KstestResult(statistic=0.14859694970660242, pvalue=2.428624055011534e-22)
A bar graph showed that the top hiring locations were remote positions, followed by the United States and Wichita, KS.
A box-plot of 3 selected companies showed various medians of the salary of the following companies: Citi, Edward Jones, and Apex Systems. According to this box-plot, Edward Jones has the highest median pay.
A bar graph showed that Upwork, Cox Communication, and Edward Jones are the most-hiring companies.
The visualizations of the data analyst job market provided important insight into the current skills and companies that are hiring. The most valuable skills were SQL, Tableau, and Python. According to this dataset, the most hiring cities were remote, the United States, and Wichita, KS. However, this is not an accurate representation of most hiring locations due to the scraped data collected from ambiguous locations such as 'Anywhere' and 'United States'. The most hiring companies were Upwork, Cox Communications, and Edward Jones. Non-remote salaries were slightly higher than remote salaries. Using sklearn, a regression model was created to predict standardized salary based on the skills required, schedule type, and option for remote work. The results of this regression model revealed a negative R-squared value, which suggests that the model is performing poorly and is not a good fit for the data.

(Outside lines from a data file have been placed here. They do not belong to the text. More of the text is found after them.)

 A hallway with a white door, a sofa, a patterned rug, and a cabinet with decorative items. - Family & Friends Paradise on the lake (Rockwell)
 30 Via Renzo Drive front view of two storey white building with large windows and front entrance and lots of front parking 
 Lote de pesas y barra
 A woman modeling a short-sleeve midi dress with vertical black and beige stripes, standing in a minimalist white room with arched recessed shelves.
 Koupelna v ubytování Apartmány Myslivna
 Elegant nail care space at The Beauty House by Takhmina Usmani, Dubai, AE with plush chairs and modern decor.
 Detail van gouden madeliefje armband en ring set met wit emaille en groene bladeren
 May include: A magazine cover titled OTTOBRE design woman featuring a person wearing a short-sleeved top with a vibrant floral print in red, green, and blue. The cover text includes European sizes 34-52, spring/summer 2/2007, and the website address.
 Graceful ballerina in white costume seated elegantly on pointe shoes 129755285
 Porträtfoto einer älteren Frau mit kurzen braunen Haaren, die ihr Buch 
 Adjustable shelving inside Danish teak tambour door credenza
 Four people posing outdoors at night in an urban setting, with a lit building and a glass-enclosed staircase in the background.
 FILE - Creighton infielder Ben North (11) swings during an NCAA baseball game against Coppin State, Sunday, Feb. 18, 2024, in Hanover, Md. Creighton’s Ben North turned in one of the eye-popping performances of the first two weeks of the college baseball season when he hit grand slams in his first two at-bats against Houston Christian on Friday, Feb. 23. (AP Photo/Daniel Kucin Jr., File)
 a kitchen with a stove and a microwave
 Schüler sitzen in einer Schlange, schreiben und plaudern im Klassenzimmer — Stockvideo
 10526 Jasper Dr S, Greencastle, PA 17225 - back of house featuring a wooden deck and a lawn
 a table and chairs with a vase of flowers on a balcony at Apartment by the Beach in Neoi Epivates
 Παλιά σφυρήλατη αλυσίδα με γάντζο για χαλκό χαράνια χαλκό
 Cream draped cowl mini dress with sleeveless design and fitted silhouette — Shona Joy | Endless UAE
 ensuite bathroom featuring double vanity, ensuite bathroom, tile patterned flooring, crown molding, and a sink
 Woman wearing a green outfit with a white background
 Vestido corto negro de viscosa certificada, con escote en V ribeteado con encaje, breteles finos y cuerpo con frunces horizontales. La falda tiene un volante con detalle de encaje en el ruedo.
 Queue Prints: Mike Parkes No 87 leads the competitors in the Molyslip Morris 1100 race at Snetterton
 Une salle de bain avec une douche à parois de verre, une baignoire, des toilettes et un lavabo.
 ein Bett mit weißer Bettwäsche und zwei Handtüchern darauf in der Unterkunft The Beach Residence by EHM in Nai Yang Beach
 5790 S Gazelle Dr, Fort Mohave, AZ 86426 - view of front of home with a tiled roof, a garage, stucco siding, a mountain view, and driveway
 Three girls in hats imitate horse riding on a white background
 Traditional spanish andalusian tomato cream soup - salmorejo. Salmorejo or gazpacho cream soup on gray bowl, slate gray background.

Based on these findings, I intend to address data quality issues. In this dataset, recruiting companies caused the data to skew toward freelance and contract-based data analyst work instead of real jobs. Additionally, missing city/location data should have been addressed to proceed with proper analysis. In order to improve the regression model, I would have to address the outliers of the data. Further analysis on entry and experienced data analyst positions such as skills and salaries could provide insight into the current job market.